Peaky Blinders has gone from strength to strength, securing an array of BAFTA nominations. But did Murphy ever think it would be so successful? “I don’t think any one of us predicted that,” he says. “A small BBC show, especially in the beginning, having a resonance in places like Australia and America... it’s gratifying.”

Yet in characteristic fashion, the man behind the franchise’s hood-eyed hoodlum remains typically modest, preferring to heap praise on show creator Steven Knight.

“He’s an exquisite writer – bold, ambitious, and at the height of his powers. We’ve done three series together, and we’re going to do two more,” says Murphy. “What he creates is always so unpredictable and fresh – it flows out of him, like beams of limitless energy. I think he’s enjoying a purple patch in his career. All artists do at certain stages, and he is experiencing his now.”

For those waiting with bated breath for Murphy to drop some hints about season four of Peaky Blinders, I’m sorry to disappoint. “I’m in the dark as much as you are,” he says. Although, Murphy does say filming for the new series will start next year, and season five in 2018.
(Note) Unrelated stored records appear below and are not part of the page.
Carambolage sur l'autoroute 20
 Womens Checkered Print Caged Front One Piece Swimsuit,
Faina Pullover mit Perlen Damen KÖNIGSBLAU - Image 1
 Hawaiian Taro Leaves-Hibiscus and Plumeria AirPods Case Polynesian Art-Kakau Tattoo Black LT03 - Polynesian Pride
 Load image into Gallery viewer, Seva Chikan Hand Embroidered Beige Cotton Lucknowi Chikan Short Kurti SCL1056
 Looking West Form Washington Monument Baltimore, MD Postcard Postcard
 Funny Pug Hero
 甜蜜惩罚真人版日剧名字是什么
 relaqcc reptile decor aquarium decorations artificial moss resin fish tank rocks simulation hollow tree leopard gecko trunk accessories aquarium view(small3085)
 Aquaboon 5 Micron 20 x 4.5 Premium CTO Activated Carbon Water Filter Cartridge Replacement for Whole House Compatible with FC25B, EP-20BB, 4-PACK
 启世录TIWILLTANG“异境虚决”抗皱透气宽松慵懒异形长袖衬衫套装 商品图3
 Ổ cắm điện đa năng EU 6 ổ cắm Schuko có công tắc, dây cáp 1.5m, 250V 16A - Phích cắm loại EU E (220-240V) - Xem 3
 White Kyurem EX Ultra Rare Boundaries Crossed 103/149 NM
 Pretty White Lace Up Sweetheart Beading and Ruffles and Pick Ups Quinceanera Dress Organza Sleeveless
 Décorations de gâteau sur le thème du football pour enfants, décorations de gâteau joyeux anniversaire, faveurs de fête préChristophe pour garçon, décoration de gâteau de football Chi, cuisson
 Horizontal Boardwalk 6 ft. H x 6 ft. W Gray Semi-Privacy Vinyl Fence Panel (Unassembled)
The next year is set to be a busy one for Murphy, with the release of DunkirkThe Party (described as a “comedy wrapped around a tragedy” linked with party politics) and Free Fire (a black comedy thriller co-produced by Martin Scorsese) – but I’m sure, in true Murphy style, that he will deliver a spine-tingling and sincere performance. It’s safe to say, Mr Murphy is not just a pretty face.